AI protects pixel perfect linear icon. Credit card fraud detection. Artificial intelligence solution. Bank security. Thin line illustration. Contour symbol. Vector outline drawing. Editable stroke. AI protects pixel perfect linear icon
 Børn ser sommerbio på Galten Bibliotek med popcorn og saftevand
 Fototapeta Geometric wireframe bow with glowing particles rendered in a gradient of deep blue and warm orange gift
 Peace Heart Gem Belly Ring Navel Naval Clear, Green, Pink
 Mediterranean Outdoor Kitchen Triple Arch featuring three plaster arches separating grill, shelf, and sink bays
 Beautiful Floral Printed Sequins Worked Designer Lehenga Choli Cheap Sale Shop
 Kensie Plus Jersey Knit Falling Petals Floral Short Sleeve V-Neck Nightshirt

### Exercise instructions
The word "Floral" appears in some lines above. Return every one of those lines.

### Written response
 Beautiful Floral Printed Sequins Worked Designer Lehenga Choli Cheap Sale Shop
 Kensie Plus Jersey Knit Falling Petals Floral Short Sleeve V-Neck Nightshirt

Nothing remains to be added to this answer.